The Supreme Court has held that banks are not liable to pay interest tax on subsidies they get from the RBI for giving concessional loans to exporters.
Dismissing an appeal filed by the income-tax department recently, a bench headed by Justice S H Kapadia has upheld the Delhi High Court judgement, which said that the compensatory interest received as subsidy by Punjab National Bank from the RBI for giving concessional loans to exporters did not amount to interest tax chargeable under the Interest Tax Act, 1979.
The RBI gives export subsidy to banks to make good their losses due to extending export credit at a lower rate of interest.

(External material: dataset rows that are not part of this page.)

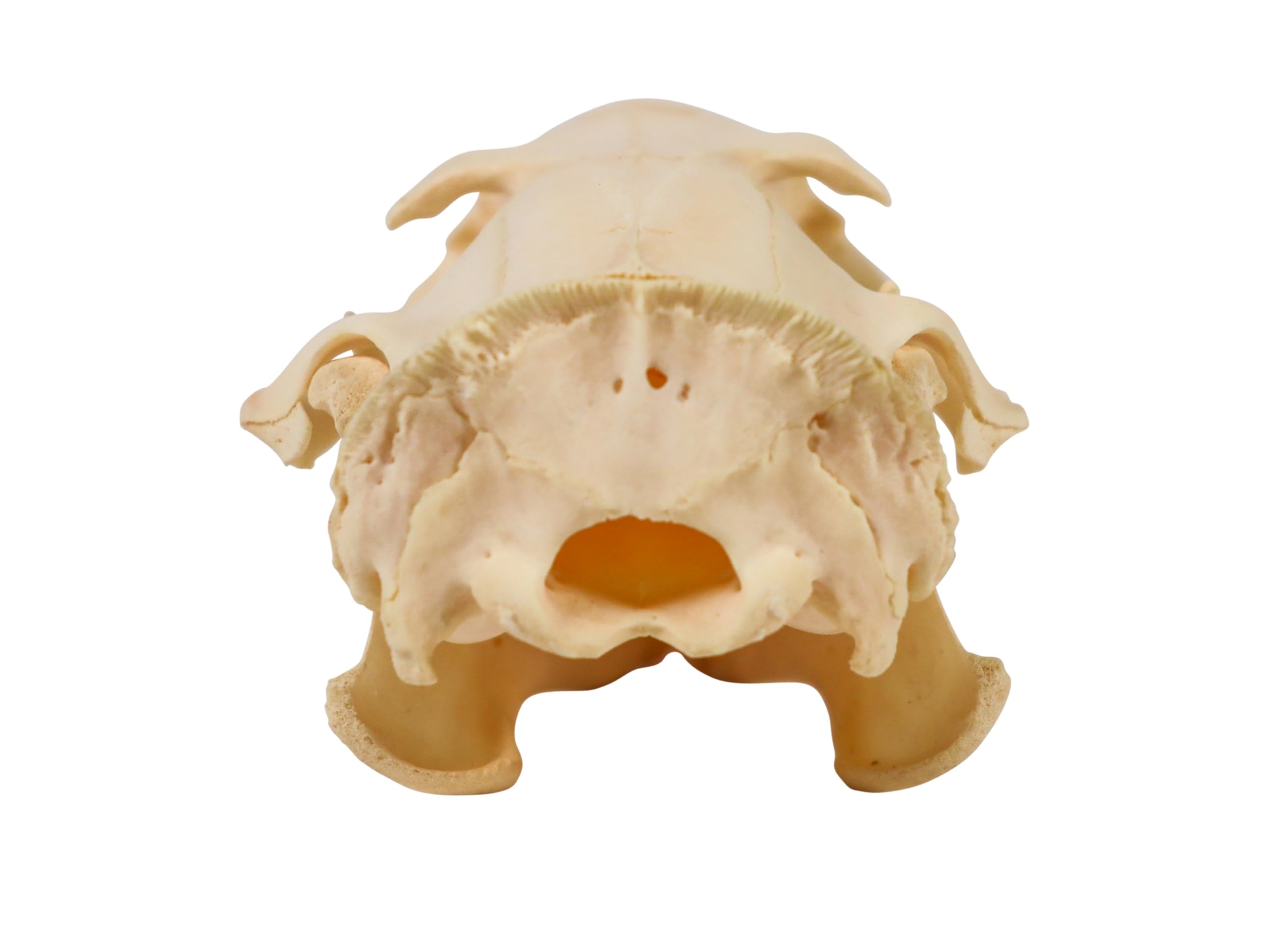 Amazon.com: Real Groundhog/Woodchuck Skull : Home & Kitchen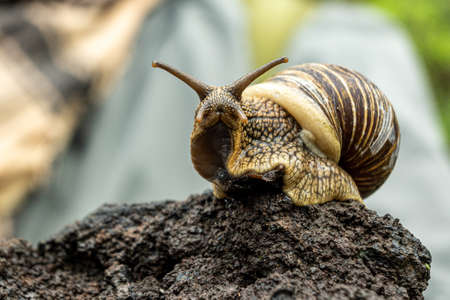 Large brown snail on a black volcanic stoneの写真素材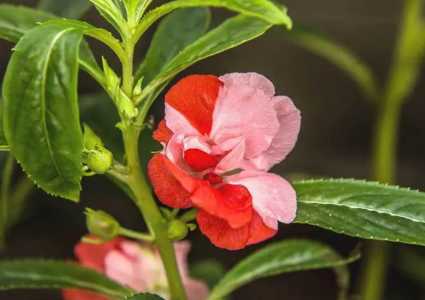 凤仙花冬季可以播种吗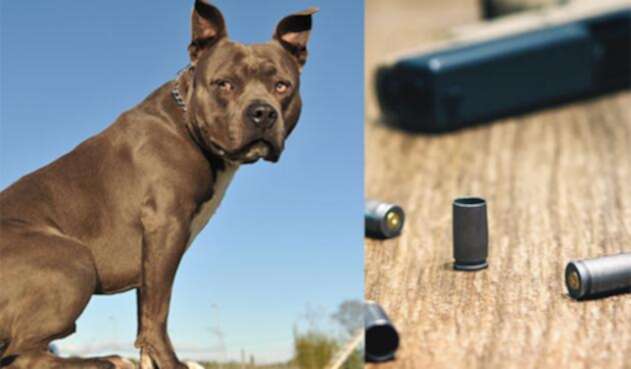Perro-y-arma-Ingimage.jpg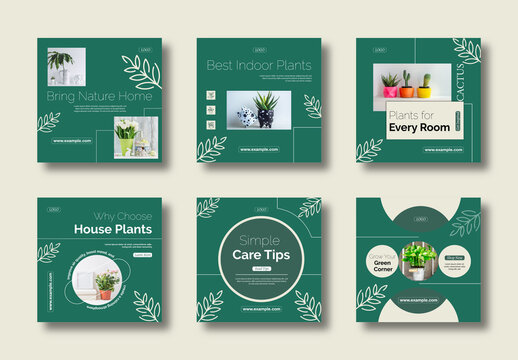 Indoor Gardening House Plants Social Media Template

PNB had received export subsidy of more than Rs 9 lakh for assessment years 1985-87 under the Export Credit (Interest Subsidy) Scheme, 1968. The Assessing Officer had taxed it on the grounds that any amount received by way of export subsidy can only be regraded as such when it was directly paid to an exporter.
According to the department, the export subsidy PNB received was essentially in the nature of interest defined under Section 2(7) of the Act and hence is liable to be included in its income for paying tax.

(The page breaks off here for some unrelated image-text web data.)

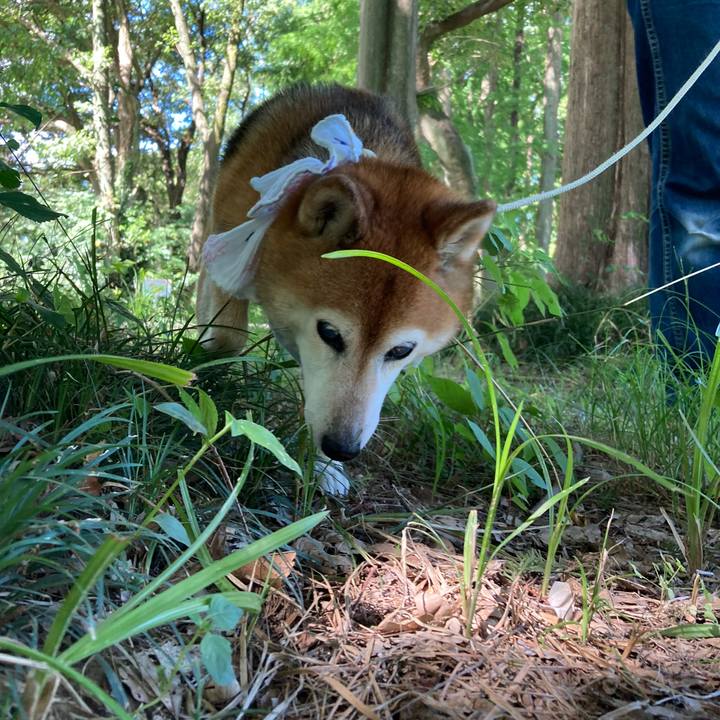 6601253b 4bfb 414f 9007 64b7fe934dd6 1752973781777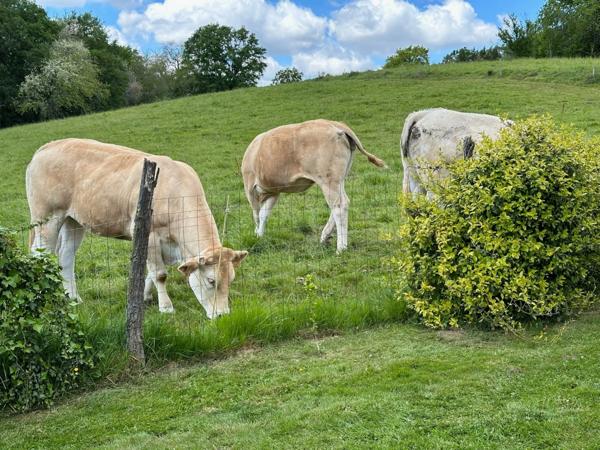 Dpt Hautes Pyrénées (65), à vendre maison P6 de 230 m² - Terrain de 5 500,00 m² - Plain pied - piscine intérieure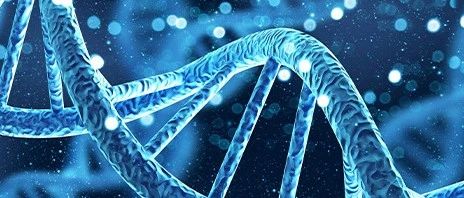Nat. Commun. | CodonTransformer：使用上下文感知神经网络的多物种密码子优化器
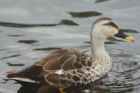 Spot-billed Duck - Photo copyright Jan Harteman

Additional Solicitor General Mohan Parasaran argued that the money the bank received can be regraded as export subsidy in the hands of an assessee only when the latter directly engaged in exports and received the subsidy in the course of its export business.
"Since the assessee is a bank and not engaged in any export activity, but is essentially engaged in (the) banking business, nor has rececived the said sum from (the) RBI for utilisation of any export activity as an exporter, the same cannot be regarded or characterised as an export subsidy as to take out the same from the taxing net," the petition stated.